The Unknown Woman of the Seine
A Novel
-
- $11.99
-
- $11.99
Publisher Description
A mysterious woman is suspected of murder at the 1889 Paris Expo in this historical novel of “gorgeous prose” by the author of The Chess Garden (Kirkus Reviews).
Paris, 1889. When the body of an unknown woman appears on the banks of the Seine, it is put on display at the morgue behind Notre Dame, according to protocol. Though the woman is never identified, her eerie beauty is so captivating that a death mask is made of her face. The mask would become one of the most famous curios of the twentieth century. Set during the final days of 1889’s Exposition Universelle, Brooks Hansen’s fascinating novel speculates on who this mysterious woman was.
Disgraced former Gendarme Henri Brassard is returning to Paris, determined to reclaim his place in La Force. When he crosses paths with a suspicious woman in a gypsy wagon, he suspects her of a brutal crime. Tracking her through the city, Brassard observes from the shadows as she winds her way into the orbit of several savory and unsavory characters—an artist, an impresario, a madame, a countess—each of whom sees in her a chance for profit or redemption; any one of whom may therefore be responsible for her sudden and unexplained disappearance.
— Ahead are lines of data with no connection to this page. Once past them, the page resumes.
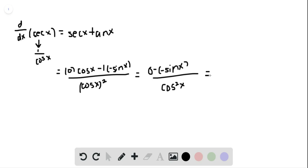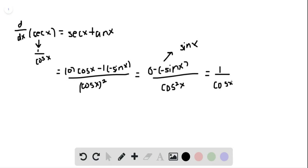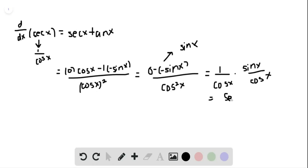Which gives us positive sine on top. So it becomes 1 over cosine times sine over cosine, which is equal to secant times tangent.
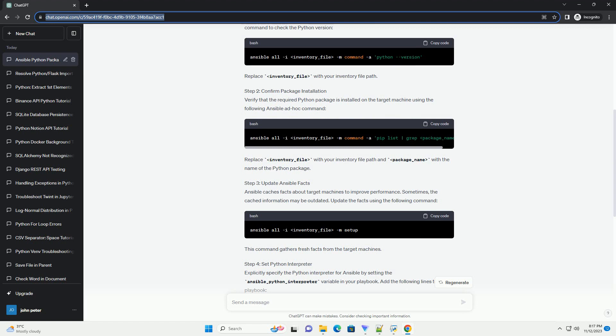Step 4: Set Python Interpreter. Explicitly specify the Python interpreter for Ansible by setting the ansible_python_interpreter variable in your playbook. Add the following lines to your playbook. Replace your_target_group with the appropriate group from your inventory file and /path/to/python3 with the correct path to the Python interpreter on the target machine.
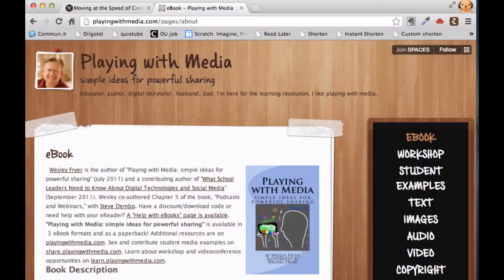Hi, this is Wes Fryer, and in this screencast I'd like to show you how you can download the standard EPUB version of my ebook, Playing With Media, and you can open it on any laptop or desktop computer running the Macintosh or Windows operating system using a free program called Adobe Digital Editions.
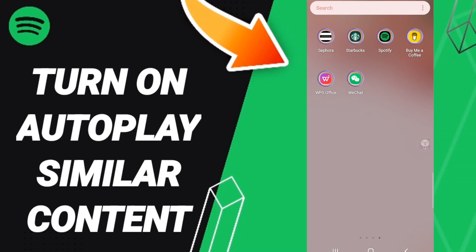Hi everyone, today we'll talk about how to turn on autoplay similar content in the Spotify application. To turn on autoplay similar content in Spotify, you should just go to the top of Spotify.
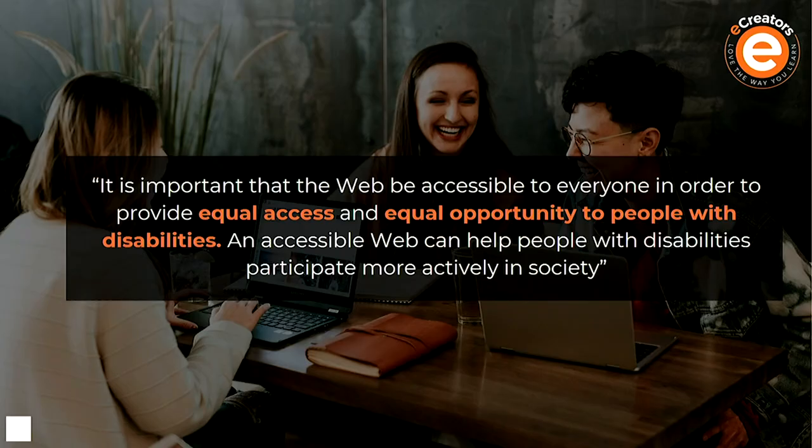Just a couple of quotes to cover off — what is accessibility and how does it play out in our world? It means the ability of everyone, regardless of their condition, to have access to something — it might be the internet, your transport system, anything like that. The other quote I really like is that it's important that the web is accessible to everyone in order to provide equal access and equal opportunity to people with disabilities. An accessible web can help people with disabilities participate more actively in society. We are an inclusive world nowadays, and how can we do that within our sites as well?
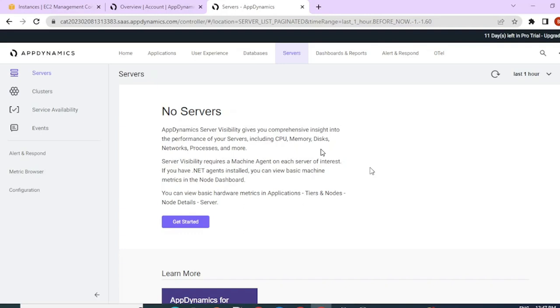Hello, fellow SREs. Welcome back to SRE Okben. Today we're going to learn about how to install a machine agent service on a Linux system. Let's get started.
Brassard’s chase will lead him on a grand tour of nineteenth-century Paris, from its highest spires to its darkest catacombs. By the end, he will learn the stunning truth of the unknown woman’s identity, but not before unearthing the equally disturbing truth about himself.
PUBLISHERS WEEKLY
Inspired by the death mask of a 19th-century Frenchwoman whose identity has never been discovered, Hansen's diffuse latest (after Asmodeus) is set during France's 1889 Exposition Universelle. Traveling through the forests west of Paris, gendarme Emile Brassard comes across the half-buried corpse of a man whose throat has been cut and, nearby, a young woman in a Romani wagon. Her dirty nails and abstracted state make Brassard suspect her of the killing. Solving the murder could help him get restored to active duty after an unjust suspension, so he follows her to the city. When she leaves the wagon behind, Brassard hires a street urchin to follow her while he awaits the woman's return. As she visits the Eiffel Tower among other Exposition sights, the unnamed woman attracts the attention of artist François Michaud and impresario Bruno Chavarin. Michaud wants to paint her and Chavarin to cast her in one of his revues, but after each befriends her, she vanishes. Meanwhile, the clues to her past Brassard finds under the wagon's floorboards and a final brief encounter with her prompt Brassard to rethink his career. Though Hansen's reflection on the way one individual can become the focus of many others' dreams is thought-provoking, there are too many disparate threads. In the end, it doesn't quite gel.